Our battle this century against totalitarianism has left terrible scars all over our body politic and the threat these people pose to us is entirely and utterly predictable. You can say that the devil we know is better than the devil we don’t, but the devils we knew were ready to commit genocide, litter the earth with dead, and blow up the world. How much worse can that get? Let’s not build chips and wiring for our police and spies when only their police and spies can reap the full benefit of them.”

– Bruce Sterling, 1994

Roger Strong (profile) says:

Re: Re:

I’m noticing a disturbing trend: Perhaps fifty concise quotes, references or metaphors could respond to with eloquence and relevance to almost any story on Techdirt.

I find that when I want to make a point about data privacy or surveillance, I know of quotes by authors who made the point far more eloquently than I could. I’m sure that many others are familiar with the same quotes.

In the Star Trek: TNG episode “Darmok”, the Enterprise crew is baffled by a race that can communicate only through metaphors and references. “Darmok and Jalad at Tanagra” was supposed to contain great meaning. This always greatly annoyed me as unrealistic.

Nevertheless, I predict that in 10 years a government official will demand some form of totalitarianism like the one above. We’ll tell Siri/Cortana/Palin/Google Now, “Bruce Sterling at CFP’94”, or “Bruce Schneier, on DNA sampling”, or “Paul Revere, warning the British.” And our computers will post the relevant quotes to the forum. (Palin adding a “You betcha!”) Communicating via Techdirt will resemble “Darmok.”

Anonymous Coward says:

Re: Re:

How true, citizens trying to communicate in private, to be stopped, citizens monitoring government activity, to be stopped, whistle blowers revealing government misfeasance and malfeasance, to be stopped. It all shut up citizen, and do as you are told, and let us look at everything you do, just so we can make sure you are doing as you are told, while we your government do whatever we like.

Anonymous Coward says:

Re: I call bullshit

Remind me again how you prove that there isn’t CP, terrorism and drugs on TOR?

That’s the problemw ith these asinine accusations – they diminish those who actually suffered from heinous crimes, and they are just used as a pitiful excuse to deny the public their civil liberties.

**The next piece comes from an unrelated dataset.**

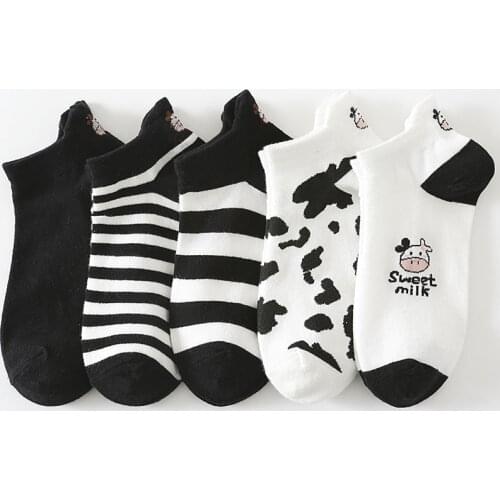 New Cartoon Print Socks for Women Cow Embroidery Stripes Spring Summer Cotton Short Socks for Ladies Girls Female Socks Sokken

I would be considerably more for this if those agencies who depend on the secrecy afforded by such things as TOR would be willing to be fully (and I mean everything available shortly after cases, and everything available to defendants) transparent.

But no, these moral cowards choose expediency over commitments to the populace. And that only leads to bad places.

Anonymous Coward says:

Let’s not forget that among the biggest moral crusaders have been the entertainment industry lobbying arms RIAA and MPAA, telling the whole world about the child-pornography smorgasbord present on file-sharing networks. Because apparently Hollywood has always had the interests of children at heart.

http://news.cnet.com/RIAA-Child-porn-rife-on-P2P-networks/2100-1028_3-5073817.html

Anonymous Coward says:

And the US indiscriminate illegal spying apparatus is a huge problem for the world. The NSA was obviously started with good intentions, but we understand that (bullshit statistic) percent of all internet traffic is now illegally captured and stored by the NSA.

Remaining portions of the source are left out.